**How to complete this task**
Restate the entries word for word and skip every image.

**The records**
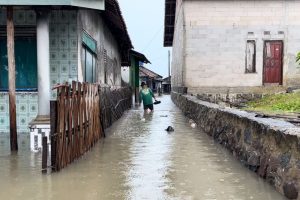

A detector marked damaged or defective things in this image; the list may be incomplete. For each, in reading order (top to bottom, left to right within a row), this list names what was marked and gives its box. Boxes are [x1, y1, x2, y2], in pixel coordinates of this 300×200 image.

damaged structure [164, 0, 300, 94]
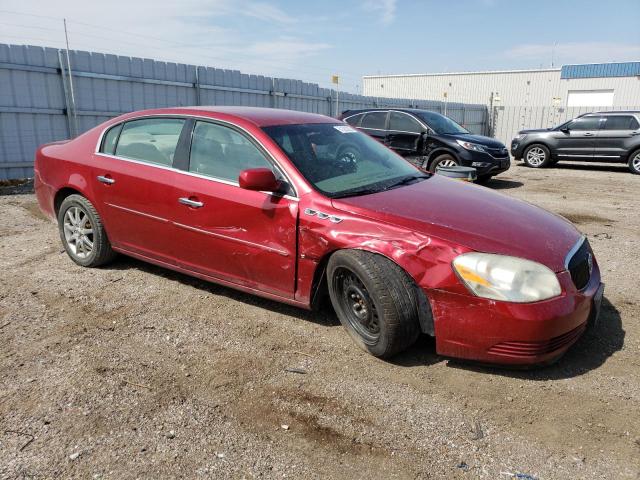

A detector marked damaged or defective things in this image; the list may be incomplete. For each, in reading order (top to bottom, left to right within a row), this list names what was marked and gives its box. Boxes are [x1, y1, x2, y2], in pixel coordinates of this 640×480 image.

damaged red car [35, 108, 604, 364]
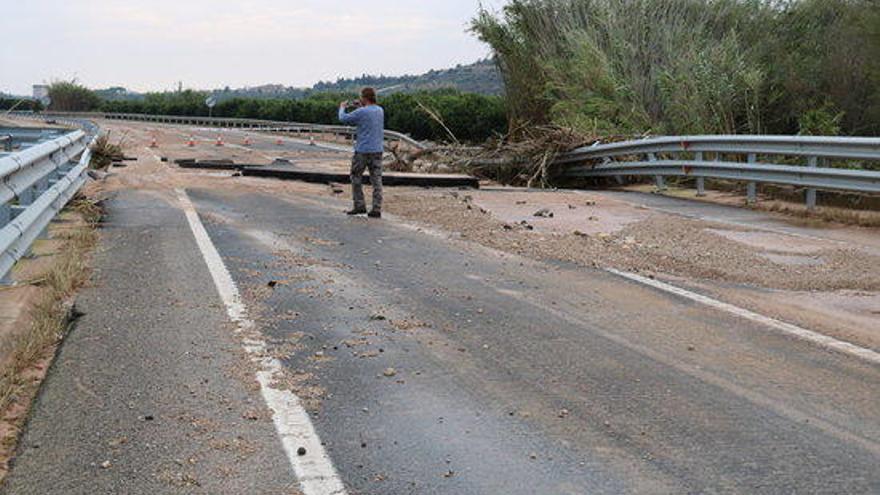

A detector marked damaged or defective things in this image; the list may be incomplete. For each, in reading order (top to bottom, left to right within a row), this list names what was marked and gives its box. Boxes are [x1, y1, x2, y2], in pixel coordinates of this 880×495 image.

bent guardrail [27, 111, 426, 150]
bent guardrail [0, 130, 94, 282]
bent guardrail [556, 136, 880, 209]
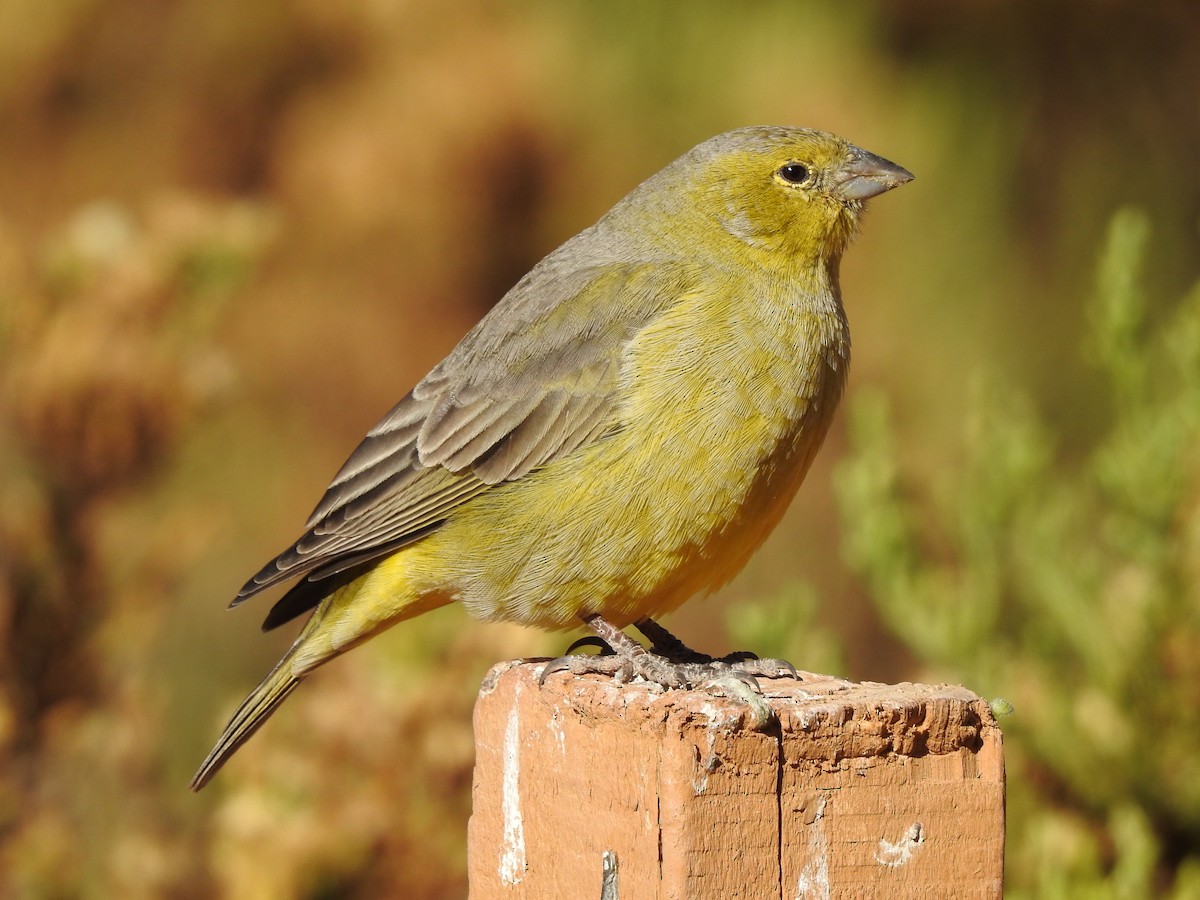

**Result of the exercise**
A detector marked damaged or defective things in this image; the list may be incomplete. For each, in reading order (top to bottom, left to right within a row), this list names what was marked and gives its box. Boxes are [x1, y1, x2, y2], in pixel coordinates of this 300×200 image.

damaged structure [164, 0, 300, 94]

A detector marked damaged or defective things in this image; the list may be incomplete. For each, in reading order (top to bottom, left to right within a row), this list names what was marked and gives its box. Boxes are [x1, y1, x2, y2], in pixel coordinates of this 640×480 image.

damaged red car [35, 108, 604, 364]

A detector marked damaged or defective things in this image; the list may be incomplete. For each, in reading order (top to bottom, left to right within a row), this list names what was marked and gives its box. Boxes are [x1, y1, x2, y2], in pixel coordinates of this 880×495 image.

bent guardrail [27, 111, 426, 150]
bent guardrail [0, 130, 94, 282]
bent guardrail [556, 136, 880, 209]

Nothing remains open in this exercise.